Una cosa deve essere chiara su ciò che sta accadendo in Libia, in Algeria, in Sudan: si tratta di un processo di riassetto geopolitico dell’intero Nord Africa promosso, in larga parte, dalla società civile, dai giovani in primo luogo, sul quale le potenze regionali ed europee cercano (spesso con successo) di intervenire.
Tutto è cominciato nel 2011 con quelle che inizialmente furono chiamate “Rivoluzioni arabe” e che poi passarono alla storia semplicemente come “Rivolte arabe” perché, per esempio in Egitto, portarono alla restaurazione, di fatto, del regime militare con solamente un cambio al vertice.

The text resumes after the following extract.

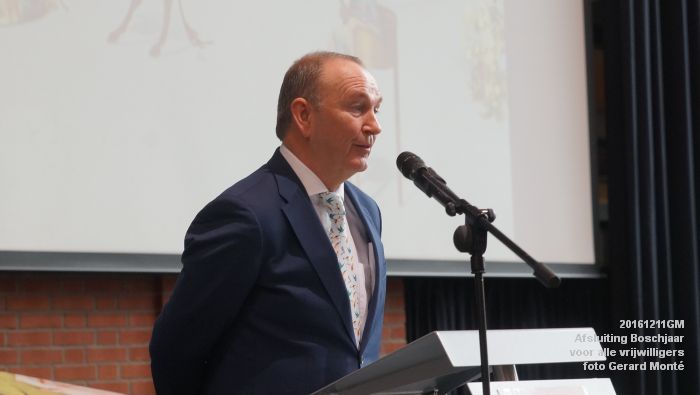 DSC02118- Afsluiting Boschjaar voor alle vrijwilligers - 11december2016 - foto GerardMontE web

La storia insegna. E oggi le rivolte contro i regimi in Algeria e Sudan non si sono accontentate di un semplice cambio al vertice. A Khartoum, addirittura, i dimostranti hanno fatto dimettere due presidenti, l’odiato Omar al-Bashir e il suo successore – per un giorno – Abdel Kader Auf, che, tra l’altro, era il primo vicepresidente e ministro della Difesa del regime. Nonostante questi due impensabili successi le manifestazioni continuano, i dimostranti vogliono, esigono, un governo civile.
Accade qualcosa di simile in Algeria. Le oceaniche manifestazioni hanno costretto alle dimissioni il presidente Bouteflika, sostituito da Abdel Kader Bensalah, uomo che l’oligarchia al potere dall’indipendenza ha tirato fuori dal cilindro per placare il popolo. Niente da fare, anche in Algeria le manifestazioni continuano. Quelle rivolte, a differenza di quelle del 2011, vogliono diventare rivoluzioni. Vogliono un cambio vero, non solo di facciata.

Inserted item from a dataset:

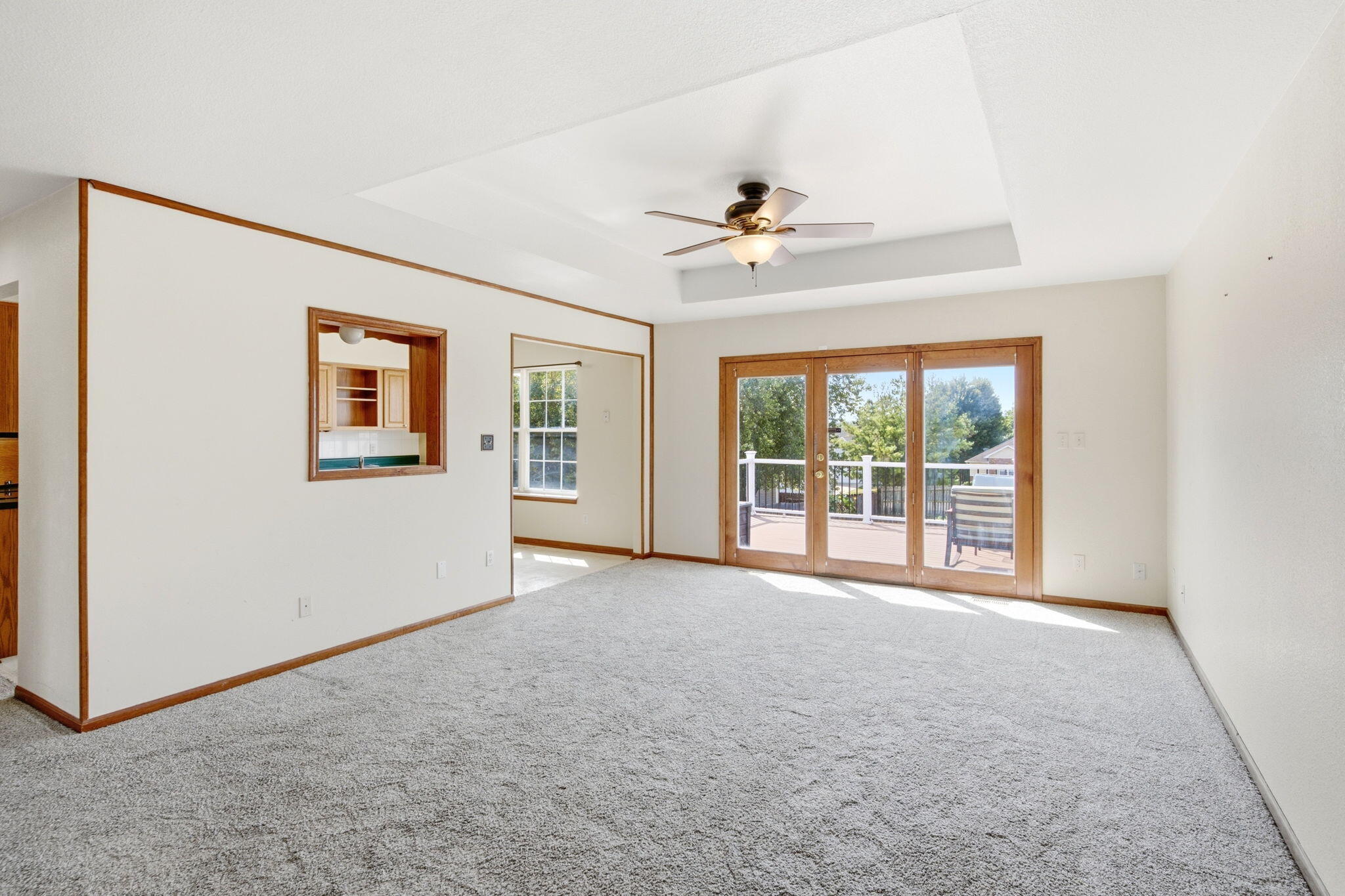 1502 E Preakness Drive Property Photo 9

In questo processo c’è la Libia, dove la rivolta è finita in caos. È la dimostrazione che quando il tentativo di intervento delle grandi potenze europee (e non solo) ha successo, non si parla più n° di “rivolta” né di “rivoluzione”. In una parola si annullano in modo totale le spinte del popolo verso il cambiamento. Anzi, il popolo diventa l’unica vera vittima, come in Siria.